TRAIN passengers were warned yesterday that fare rises and service cuts are certain if Con-Dem plans to hand a third of English railways to French companies steam ahead.
Campaigners rose early to take part in Action for Rail protests at stations across London and the south-east against the creation of a giant new private rail franchise.
Tory Transport Secretary Patrick McLaughlin has already signed-off a contract for Govia — owned by privateer Go Ahead and French state-backed Keolis — to run Thameslink, Southern and Great Northern railways.
The deal has been rushed through without consultation and will see hundreds of jobs slashed at the expense of passenger safety, according to Action for Rail.
Campaign chairwoman Frances O’Grady slammed the latest taxpayer handout to a foreign state-owned firm because British passengers’ cash will subsidise fares in France.
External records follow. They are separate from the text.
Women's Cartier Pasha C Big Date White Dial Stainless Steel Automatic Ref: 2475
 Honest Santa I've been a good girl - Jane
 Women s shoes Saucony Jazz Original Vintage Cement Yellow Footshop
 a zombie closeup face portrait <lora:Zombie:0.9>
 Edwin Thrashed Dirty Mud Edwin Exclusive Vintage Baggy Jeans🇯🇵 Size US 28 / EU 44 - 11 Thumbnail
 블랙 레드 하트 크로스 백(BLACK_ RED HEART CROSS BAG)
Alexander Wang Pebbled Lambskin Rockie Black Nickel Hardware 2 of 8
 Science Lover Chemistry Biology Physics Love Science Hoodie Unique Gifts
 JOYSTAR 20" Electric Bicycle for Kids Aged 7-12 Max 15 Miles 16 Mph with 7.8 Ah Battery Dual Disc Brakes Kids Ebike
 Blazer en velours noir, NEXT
She said: “Govia’s shareholders will be rubbing their hands in glee at the prospect of the huge dividends that will flow from controlling such a huge swathe of the English rail network.
“But with the profits likely to end up being ploughed into French railways, when the investment is needed in the network here, UK taxpayers and passengers will be getting a raw deal.”
Passengers paying ever higher fares at London’s Victoria station were alerted to the latest scandal in Britain’s rail privatisation rip off at station protests.
They were told how ending the £1.2 billion annual subsidy to privateers could see fares slashed by 18 per cent.
Green London Assembly member Jenny Jones, who has laid down a Bill in Parliament calling for rail renationalisation, joined campaigners at Victoria.
She said rail privateers were “ripping off passengers, harming the economy and failing the environment” and said only publicly owned rail would “provide quality services, fair prices and protect our jobs.”
Rail unions have also raised fears thatwomen and disabled passengers would be put at risk if hundreds of train guards and station staff were sacked as Govia’s takeover plans show.
A Department for Transport spokesman said that was “irresponsible scaremongering” and claimed safety was their number one priority.